Russian History Escape from a Siberian Prison Part 2

About an escape from a Siberian prison in the early days of World War II, history and story of the jail break.

BUSTING LOOSE--INCREDIBLE ESCAPES

The Long Walk-1939

After 60 days and over 1,000 mi., the decimated convoy finally reached Camp No. 303, deep in the Siberian forest about 350 mi. south of the Arctic Circle. Slavomir Rawicz, assigned to a logging detail, immediately began plotting an escape. He volunteered for a job making wooden skis in return for increased rations-a chance to strengthen himself and to hoard supplies. After several months he volunteered to repair the commandant's radio, and was befriended by the commandant's wife. With her help he obtained better clothing and more food for himself and his friends, and on a snowy night in April seven men crawled under the barbed wire, eluded guard dogs, and climbed the stockade.

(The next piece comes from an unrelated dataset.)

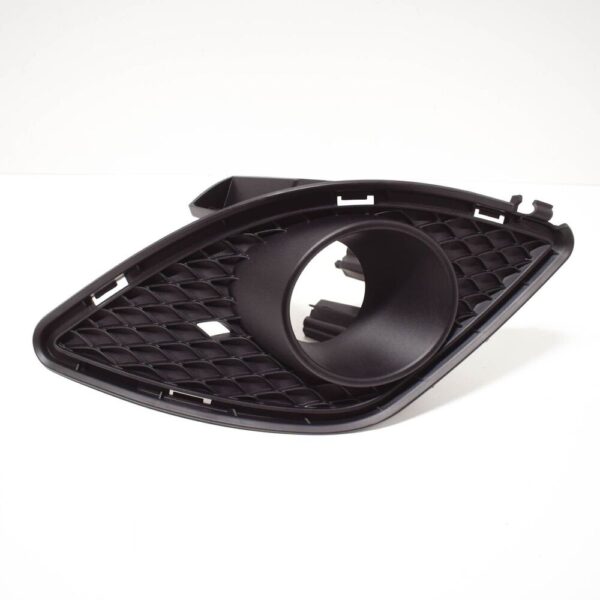 A1178850222 - NEW MB CLA C117 FRONT BUMPER RIGHT FOG LIGHT GRILLE A1178850222 ORIGINAL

There was no hesitation on the part of the desperate group as to which way to go. It had been decided in advance, reasoned through the long, frosty nights of whispered plotting in the barracks. They could not go east to the Kamchatka Peninsula 600 mi. away. That route, though the shortest and easiest, was also the most obvious, and the risk of being apprehended would grow as they approached the heavily guarded and fortified Pacific coast. It was also certain capture or death to head back into the Siberian heartland and try to live out the war in hiding without the necessary working papers. So the treacherous southern route was the only alternative; south to Afghanistan or India and freedom.

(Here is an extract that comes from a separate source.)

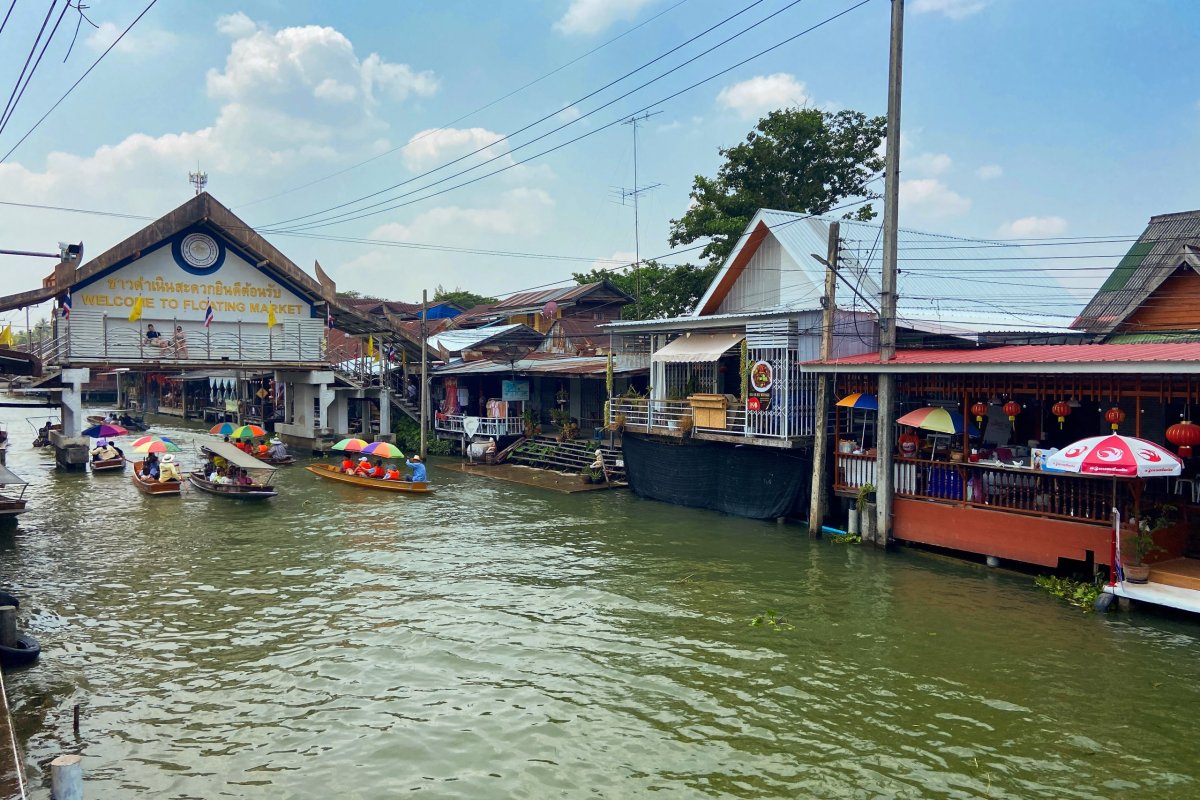 plovoucí trh - hlavní kanál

Traveling by night and hiding by day, they avoided populated areas wherever possible. Near the great Lake Baikal they chanced upon a young Polish girl named Kristina, who had escaped from another labor camp, and she joined their party. In approximately 60 days, the group was some 1,200 mi. from Camp No. 303, across the border in Outer Mongolia.

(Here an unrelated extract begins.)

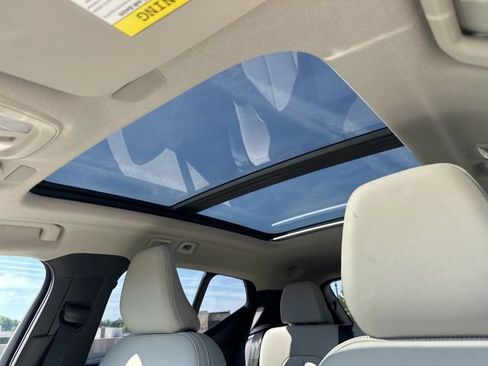 Certified 2026 Volvo XC40 B5 Plus AWD/4WD image 18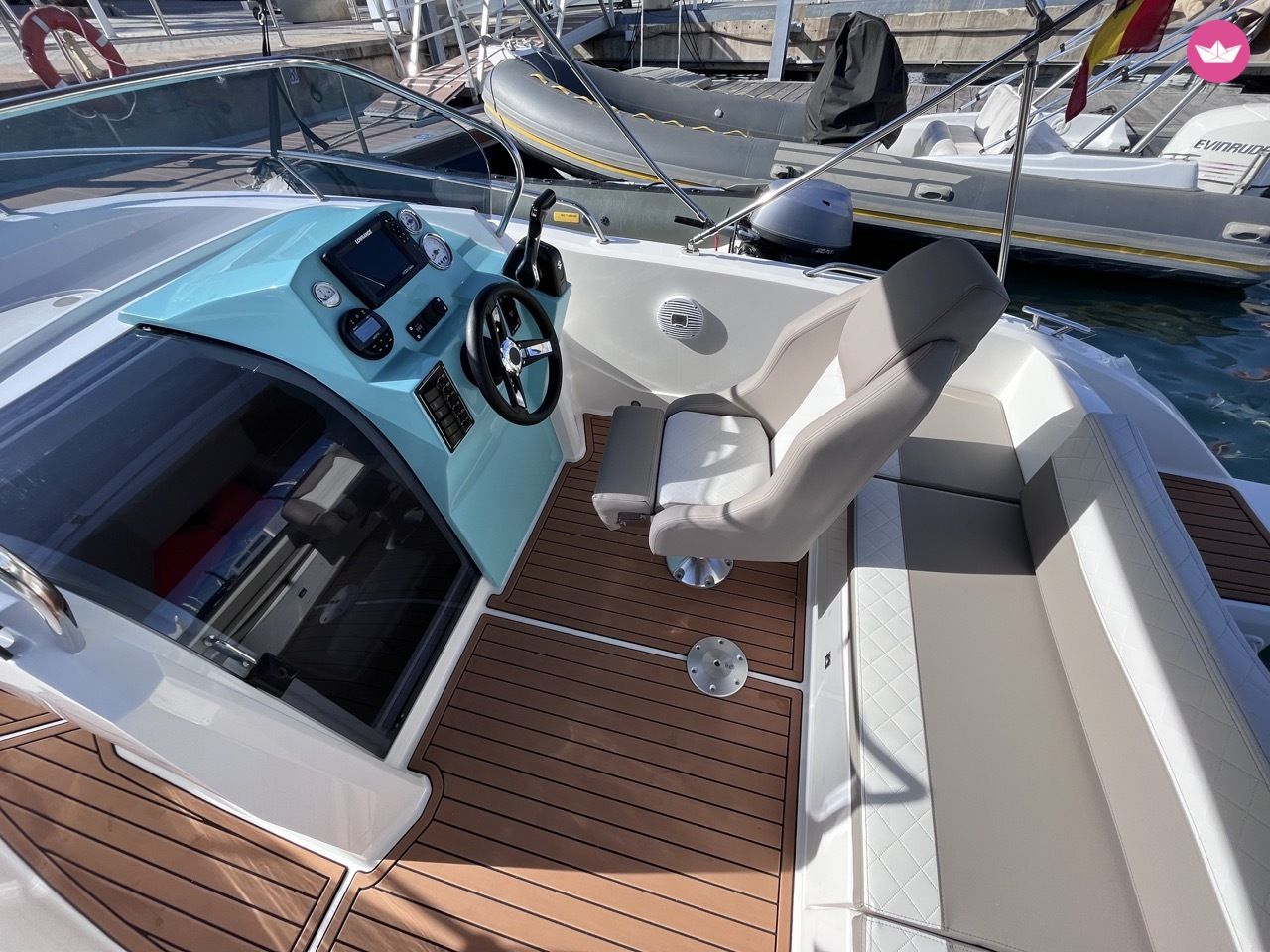 Bateau à moteur MARINE TIME QX 562 115cv 8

In Outer Mongolia, the party traveled by day and mingled freely with the local populace, exchanging work for food. The Mongolians were hospitable even though the group was infested with lice. Still, they yearned for Allied territory and pressed forward toward India. After several weeks they entered the fearsome Gobi Desert-burning sun, long days without water, three weeks with only snakes for food. In the Gobi, Kristina and one of the men died.